TIME

Congressman Resigns After Cocaine Bust

Rep. Radel pauses as he meets with local media during a news conference in Cape Coral
Reuters

Florida Republican Representative Trey Radel, who pleaded guilty to cocaine possession last year, said Monday that he's decided to step down, explaining in a letter his "struggles" make it impossible to serve

Florida Republican Rep. Trey Radel, the freshman lawmaker who pleaded guilty to cocaine possession last year and then briefly entered rehab, announced his resignation from Congress on Monday.

Radel’s formal resignation letter didn’t mention his guilty plea to cocaine possession in November, but said his “struggles” made it impossible to serve effectively, despite dealing with “those issues on a personal level.” Letters to House Speaker John Boehner and Florida Gov. Rick Scott said his resignation would take effect at 6:30 p.m. on Monday.

“Regardless of some personal struggles in 2013, this year has already been tremendously positive as I focus on my health, family and faith,” Radel wrote. “Unfortunately, some of my struggles had serious consequences. While I have dealt with those issues on a personal level, it is my belief that professionally I cannot fully and effectively serve as a United States Representative to the place I love and call home, Southwest Florida.”

Radel was caught purchasing $250 of cocaine from an undercover police officer in October, and claimed he was using the drug to help treat his alcoholism.After completing rehab in December, Radel initially vowed he would not step aside, despite resignation calls from fellow Republicans, including Scott.

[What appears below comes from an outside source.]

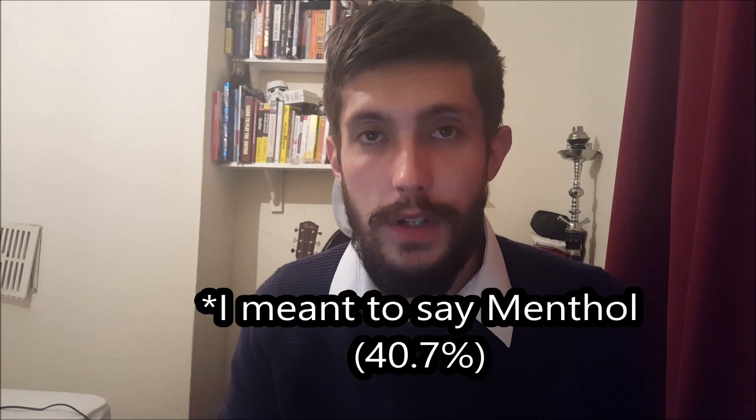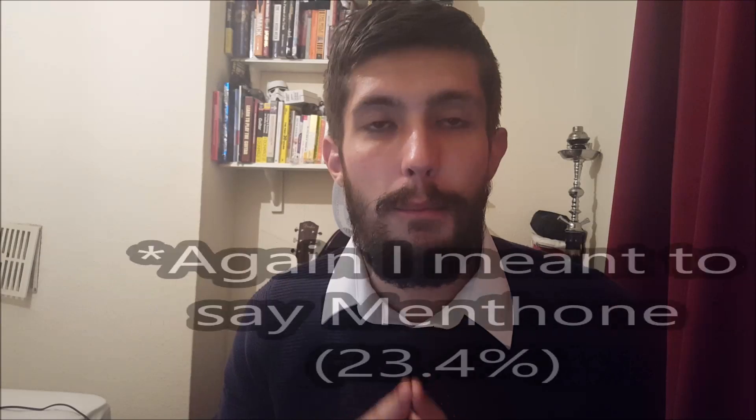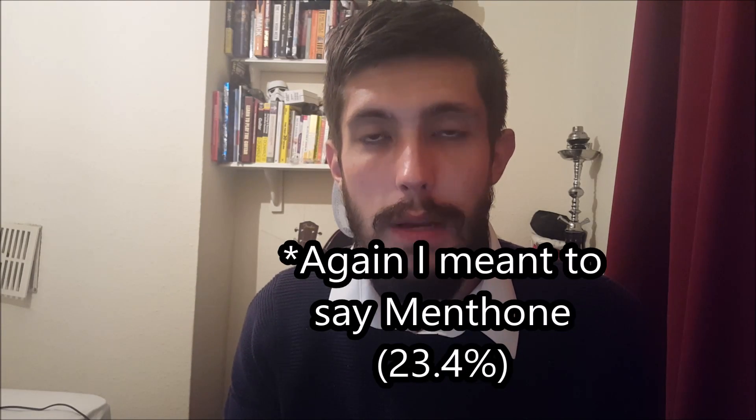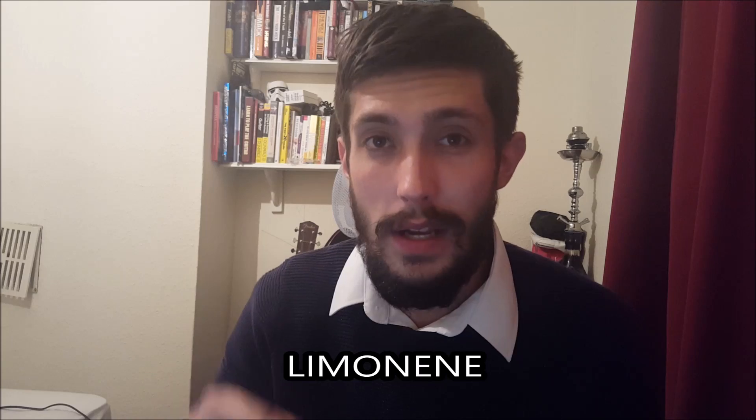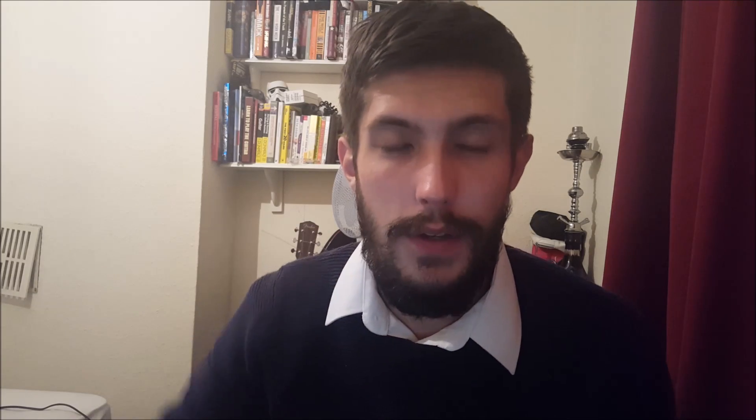It might be beneficial to start looking at what peppermint oil consists of. Its main components are menthol at 40.7% and menthone at 23.4%. There are smaller quantities of other components, but the main one I'm going to mention is limonene. I'll put the rest of the components in the description as well.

See more excerpts from Radel’s resignation letter below.

I hereby submit this letter of resignation as the Representative of the 19th District of Florida, effective 6:30 p.m., Eastern Standard Time, January 27, 2014.

On a personal note, Mr. Speaker, to you and our colleagues from both parties, I thank you. Thank you for the tremendous support and encouragement. Oftentimes in Congress, our personal relationships and successes are overshadowed by intense but meaningful and necessary debate. However, I leave the House of Representatives with friendships and memories of great men and women dedicated to helping and improving the lives of our fellow Americans.

As an eternal optimist, I know there are great things in store for our country when we find ways to work together. Whether it is as a father, a husband, or in any future endeavor, I hope to contribute what I can to better our country in the years to come.”